Directions for this task: Once you find the line with "Silver 1960s Cocktail" in the data that follows, repeat it and every line after it exactly, through the line with "Image No.4-2 Bed Apartment for sale".

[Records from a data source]

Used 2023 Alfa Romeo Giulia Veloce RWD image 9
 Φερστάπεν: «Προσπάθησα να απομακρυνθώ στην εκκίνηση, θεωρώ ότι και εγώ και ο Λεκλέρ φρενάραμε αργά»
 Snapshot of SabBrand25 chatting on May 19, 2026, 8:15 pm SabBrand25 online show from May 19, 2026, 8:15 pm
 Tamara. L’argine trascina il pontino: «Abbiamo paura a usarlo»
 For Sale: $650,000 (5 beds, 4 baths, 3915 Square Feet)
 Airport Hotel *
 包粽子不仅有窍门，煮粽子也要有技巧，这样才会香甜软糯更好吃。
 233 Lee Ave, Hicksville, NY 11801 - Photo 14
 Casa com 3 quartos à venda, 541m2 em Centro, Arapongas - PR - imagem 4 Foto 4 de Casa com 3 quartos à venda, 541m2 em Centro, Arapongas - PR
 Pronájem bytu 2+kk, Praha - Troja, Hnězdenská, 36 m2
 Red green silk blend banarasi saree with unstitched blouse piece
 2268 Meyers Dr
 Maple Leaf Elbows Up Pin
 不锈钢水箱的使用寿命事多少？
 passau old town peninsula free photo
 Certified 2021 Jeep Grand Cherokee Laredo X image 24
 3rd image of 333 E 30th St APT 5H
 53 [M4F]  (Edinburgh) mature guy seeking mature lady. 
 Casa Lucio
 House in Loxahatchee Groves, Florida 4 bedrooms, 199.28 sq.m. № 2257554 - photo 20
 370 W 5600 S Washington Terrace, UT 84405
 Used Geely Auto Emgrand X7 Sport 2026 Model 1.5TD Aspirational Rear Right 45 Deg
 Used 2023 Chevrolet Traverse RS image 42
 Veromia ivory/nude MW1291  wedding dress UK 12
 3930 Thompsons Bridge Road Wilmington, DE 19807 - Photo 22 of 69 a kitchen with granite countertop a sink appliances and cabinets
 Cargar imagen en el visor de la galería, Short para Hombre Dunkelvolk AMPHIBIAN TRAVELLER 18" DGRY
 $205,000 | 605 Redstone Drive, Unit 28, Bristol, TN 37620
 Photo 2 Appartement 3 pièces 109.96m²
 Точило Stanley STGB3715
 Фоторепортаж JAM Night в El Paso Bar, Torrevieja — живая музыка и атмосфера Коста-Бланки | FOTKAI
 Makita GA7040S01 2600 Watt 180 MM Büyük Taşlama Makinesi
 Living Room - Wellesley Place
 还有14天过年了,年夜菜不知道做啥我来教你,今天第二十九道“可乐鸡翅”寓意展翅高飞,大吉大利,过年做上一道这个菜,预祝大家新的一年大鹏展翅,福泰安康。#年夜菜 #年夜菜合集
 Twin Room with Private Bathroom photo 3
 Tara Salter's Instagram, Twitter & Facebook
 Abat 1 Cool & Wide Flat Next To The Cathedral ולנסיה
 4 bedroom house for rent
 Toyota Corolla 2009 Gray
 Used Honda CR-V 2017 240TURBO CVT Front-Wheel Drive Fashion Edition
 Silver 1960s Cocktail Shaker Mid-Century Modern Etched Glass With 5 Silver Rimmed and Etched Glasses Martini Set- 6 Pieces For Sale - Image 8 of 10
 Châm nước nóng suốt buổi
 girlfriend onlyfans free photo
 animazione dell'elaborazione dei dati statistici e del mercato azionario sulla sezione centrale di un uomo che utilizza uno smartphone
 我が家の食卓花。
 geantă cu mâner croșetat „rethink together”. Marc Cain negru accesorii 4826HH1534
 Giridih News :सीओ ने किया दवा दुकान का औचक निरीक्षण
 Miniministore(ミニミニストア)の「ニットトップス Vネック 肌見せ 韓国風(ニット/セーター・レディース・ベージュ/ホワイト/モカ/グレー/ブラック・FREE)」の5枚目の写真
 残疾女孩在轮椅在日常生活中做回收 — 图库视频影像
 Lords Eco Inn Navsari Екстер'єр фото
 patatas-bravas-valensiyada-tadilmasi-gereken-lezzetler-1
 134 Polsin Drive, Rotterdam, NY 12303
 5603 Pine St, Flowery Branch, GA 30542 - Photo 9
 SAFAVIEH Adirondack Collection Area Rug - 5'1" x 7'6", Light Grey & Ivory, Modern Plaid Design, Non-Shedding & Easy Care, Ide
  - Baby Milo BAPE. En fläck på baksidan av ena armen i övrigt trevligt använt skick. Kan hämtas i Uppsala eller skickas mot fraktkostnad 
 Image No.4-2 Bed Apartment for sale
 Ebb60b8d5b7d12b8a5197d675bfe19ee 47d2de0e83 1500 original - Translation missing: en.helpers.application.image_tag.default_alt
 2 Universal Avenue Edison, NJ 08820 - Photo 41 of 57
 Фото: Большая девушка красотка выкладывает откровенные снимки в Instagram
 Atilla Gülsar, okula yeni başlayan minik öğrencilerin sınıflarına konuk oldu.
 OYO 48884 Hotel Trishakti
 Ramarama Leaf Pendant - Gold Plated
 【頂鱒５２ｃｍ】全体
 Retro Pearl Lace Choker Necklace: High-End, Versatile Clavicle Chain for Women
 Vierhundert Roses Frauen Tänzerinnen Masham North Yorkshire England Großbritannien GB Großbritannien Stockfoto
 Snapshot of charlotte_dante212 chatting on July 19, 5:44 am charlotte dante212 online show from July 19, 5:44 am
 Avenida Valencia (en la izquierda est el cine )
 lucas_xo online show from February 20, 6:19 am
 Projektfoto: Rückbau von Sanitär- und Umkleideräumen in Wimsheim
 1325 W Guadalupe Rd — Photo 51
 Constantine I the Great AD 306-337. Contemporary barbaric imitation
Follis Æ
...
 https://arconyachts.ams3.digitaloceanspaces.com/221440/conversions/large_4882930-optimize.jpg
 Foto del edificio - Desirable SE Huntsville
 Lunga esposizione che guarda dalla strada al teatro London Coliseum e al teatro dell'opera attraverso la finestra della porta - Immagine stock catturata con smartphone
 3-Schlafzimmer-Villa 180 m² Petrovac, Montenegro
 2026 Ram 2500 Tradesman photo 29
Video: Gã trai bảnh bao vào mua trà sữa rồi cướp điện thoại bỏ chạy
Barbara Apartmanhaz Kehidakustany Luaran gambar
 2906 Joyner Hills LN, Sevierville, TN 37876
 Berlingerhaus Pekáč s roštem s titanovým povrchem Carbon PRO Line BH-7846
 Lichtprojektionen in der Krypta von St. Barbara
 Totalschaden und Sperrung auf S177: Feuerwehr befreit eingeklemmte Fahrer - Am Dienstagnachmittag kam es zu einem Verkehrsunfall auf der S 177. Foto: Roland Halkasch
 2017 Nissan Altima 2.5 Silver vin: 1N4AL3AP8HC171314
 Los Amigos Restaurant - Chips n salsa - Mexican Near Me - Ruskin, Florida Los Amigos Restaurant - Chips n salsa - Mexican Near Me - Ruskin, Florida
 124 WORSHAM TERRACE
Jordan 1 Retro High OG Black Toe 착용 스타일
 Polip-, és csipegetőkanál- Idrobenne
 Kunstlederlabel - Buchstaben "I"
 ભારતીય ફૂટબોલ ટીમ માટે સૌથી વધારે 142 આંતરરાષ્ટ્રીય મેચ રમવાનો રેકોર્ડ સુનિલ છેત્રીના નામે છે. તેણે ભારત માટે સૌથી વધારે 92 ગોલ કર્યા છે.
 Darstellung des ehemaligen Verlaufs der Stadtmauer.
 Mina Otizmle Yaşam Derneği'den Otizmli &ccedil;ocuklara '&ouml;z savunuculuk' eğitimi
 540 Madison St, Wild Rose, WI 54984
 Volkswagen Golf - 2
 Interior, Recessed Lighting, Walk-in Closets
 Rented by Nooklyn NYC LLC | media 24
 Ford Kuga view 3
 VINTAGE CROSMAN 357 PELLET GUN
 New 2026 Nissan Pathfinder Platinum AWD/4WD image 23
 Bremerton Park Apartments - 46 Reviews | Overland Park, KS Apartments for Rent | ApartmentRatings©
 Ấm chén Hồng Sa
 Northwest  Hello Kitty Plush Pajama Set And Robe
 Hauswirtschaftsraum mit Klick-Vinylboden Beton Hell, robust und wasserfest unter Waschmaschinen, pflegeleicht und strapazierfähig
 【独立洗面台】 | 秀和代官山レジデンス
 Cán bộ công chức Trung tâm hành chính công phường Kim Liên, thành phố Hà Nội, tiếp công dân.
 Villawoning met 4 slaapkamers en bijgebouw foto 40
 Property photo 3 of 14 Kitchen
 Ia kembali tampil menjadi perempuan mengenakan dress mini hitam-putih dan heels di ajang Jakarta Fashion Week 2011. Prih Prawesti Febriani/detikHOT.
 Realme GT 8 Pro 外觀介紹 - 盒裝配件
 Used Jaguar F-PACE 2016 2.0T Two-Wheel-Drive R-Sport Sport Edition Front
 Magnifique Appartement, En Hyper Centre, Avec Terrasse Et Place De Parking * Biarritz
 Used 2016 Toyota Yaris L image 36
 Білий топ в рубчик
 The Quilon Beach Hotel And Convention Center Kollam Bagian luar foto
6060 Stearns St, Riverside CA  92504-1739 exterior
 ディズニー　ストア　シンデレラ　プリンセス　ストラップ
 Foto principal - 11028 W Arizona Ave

Reply to the exercise:
 Silver 1960s Cocktail Shaker Mid-Century Modern Etched Glass With 5 Silver Rimmed and Etched Glasses Martini Set- 6 Pieces For Sale - Image 8 of 10
 Châm nước nóng suốt buổi
 girlfriend onlyfans free photo
 animazione dell'elaborazione dei dati statistici e del mercato azionario sulla sezione centrale di un uomo che utilizza uno smartphone
 我が家の食卓花。
 geantă cu mâner croșetat „rethink together”. Marc Cain negru accesorii 4826HH1534
 Giridih News :सीओ ने किया दवा दुकान का औचक निरीक्षण
 Miniministore(ミニミニストア)の「ニットトップス Vネック 肌見せ 韓国風(ニット/セーター・レディース・ベージュ/ホワイト/モカ/グレー/ブラック・FREE)」の5枚目の写真
 残疾女孩在轮椅在日常生活中做回收 — 图库视频影像
 Lords Eco Inn Navsari Екстер'єр фото
 patatas-bravas-valensiyada-tadilmasi-gereken-lezzetler-1
 134 Polsin Drive, Rotterdam, NY 12303
 5603 Pine St, Flowery Branch, GA 30542 - Photo 9
 SAFAVIEH Adirondack Collection Area Rug - 5'1" x 7'6", Light Grey & Ivory, Modern Plaid Design, Non-Shedding & Easy Care, Ide
  - Baby Milo BAPE. En fläck på baksidan av ena armen i övrigt trevligt använt skick. Kan hämtas i Uppsala eller skickas mot fraktkostnad 
 Image No.4-2 Bed Apartment for sale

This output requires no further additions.